START Information supplied

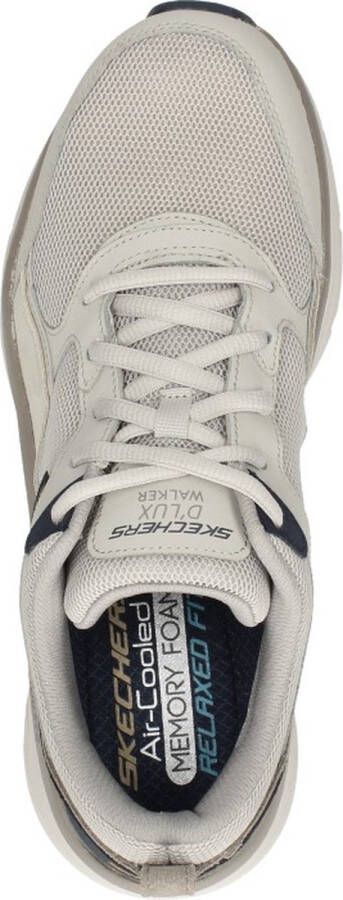 Skechers D´lux Walker New Sneakers taupe Textiel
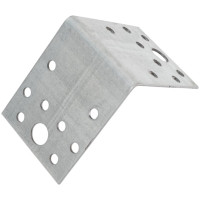 Крепежный уголок РемоКолор KU 2 мм, 70x70x55 мм 710-0075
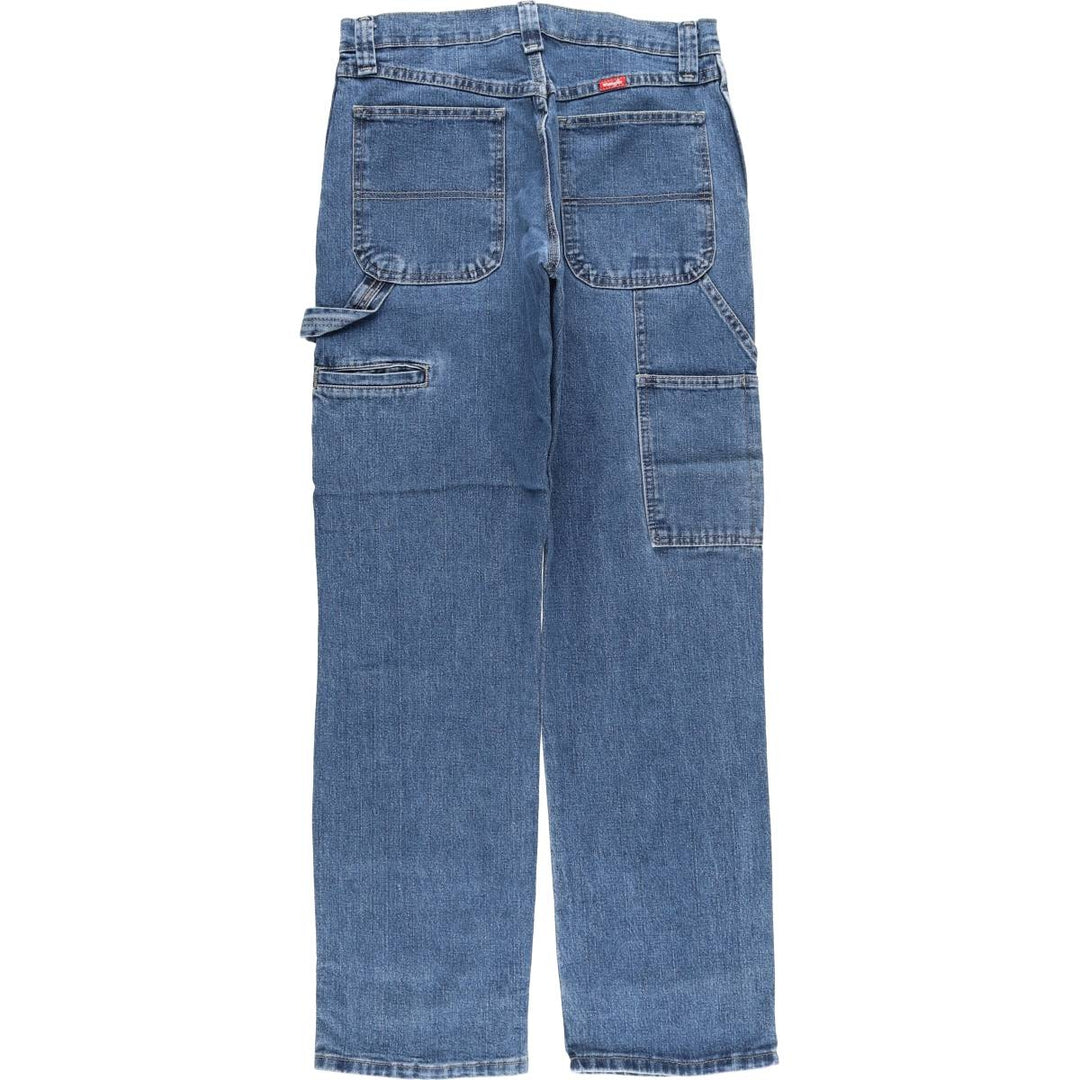 Wrangler Denim Painter Pants for Men, W30 equivalent cotton blue type Vintage Second Hand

END Information supplied

• Your assignment
Reproduce the listing exactly, but keep its images out of the copy.

• Solution to this task
 Skechers D´lux Walker New Sneakers taupe Textiel
 Крепежный уголок РемоКолор KU 2 мм, 70x70x55 мм 710-0075
 Wrangler Denim Painter Pants for Men, W30 equivalent cotton blue type Vintage Second Hand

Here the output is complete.